She’s a Bobby Dazzler our Gladys:
Treasurer Josh Frydenberg and backbencher Gladys Liu have conceded that controversial Chinese-language signs they put up at voting booths on the day of the federal election had the wrong translations.
In filings made in the Federal Court on Wednesday, Mr Frydenberg and Ms Liu said that the signs “intended the following translation: to make your vote count, put a one next to the Liberal Party candidate”, but the signs, which were in Australian Electoral Commission colours, told voters that “the correct voting method” was to put a one next to the Liberal candidate.
…Ms Liu’s tight election win is being challenged by a voter in the seat of Chisholm, Vanessa Garbett, who has previously been involved in the union movement.

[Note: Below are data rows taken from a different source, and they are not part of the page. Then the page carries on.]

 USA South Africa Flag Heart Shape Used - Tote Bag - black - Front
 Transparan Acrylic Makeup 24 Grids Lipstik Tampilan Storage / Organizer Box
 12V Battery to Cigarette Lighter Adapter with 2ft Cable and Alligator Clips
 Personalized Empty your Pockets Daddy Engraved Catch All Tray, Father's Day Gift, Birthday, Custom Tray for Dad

Had 546 voters cast their ballot for Labor instead of Ms Liu she would not have won the seat, AEC results show.
About 20 per cent of the people living in the electorate where the Chinese-language signs appeared spoke either Mandarin or Cantonese at home, according to the 2016 Census.
Still more lies at SBS:
The Chinese-language signs bore a resemblance to the Australian Electoral Commission’s official colours of purple and white, had no Liberal identification and did not refer to Liberal candidates by name or policies.
But according to The Guardian, the two MPs challenged the idea that it was “the same colour scheme” instead saying it was “similar”.

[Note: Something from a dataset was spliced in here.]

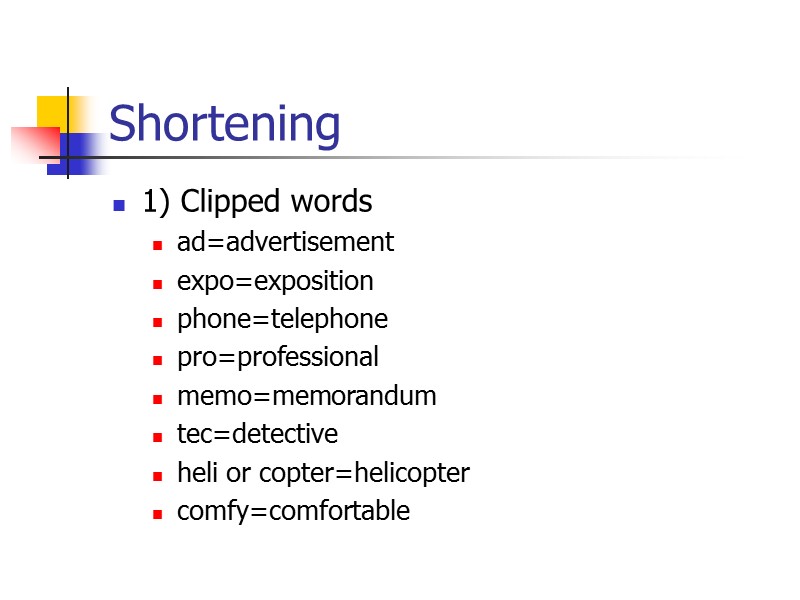 Shortening (Clipping or Curtailment) Types of shortening or abbreviation 1) clipped words: those created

“Other parties have used purple and white signs on polling booths,” the defence reportedly said.
The pair allegedly contended that the Liberal Party’s acting Victorian director Simon Frost “did not set out to mislead any voter” with the signs.
“Rather, Mr Frost sought to explain to voters who could read Chinese and who were considering voting for the Liberal party how to do so in a valid way, and also to encourage voters who had not yet made up their mind to vote for the Liberal party.”
By-elections for both, please. Let’s test how much the denizens of Chisholm really want to be represented by a “double agent”.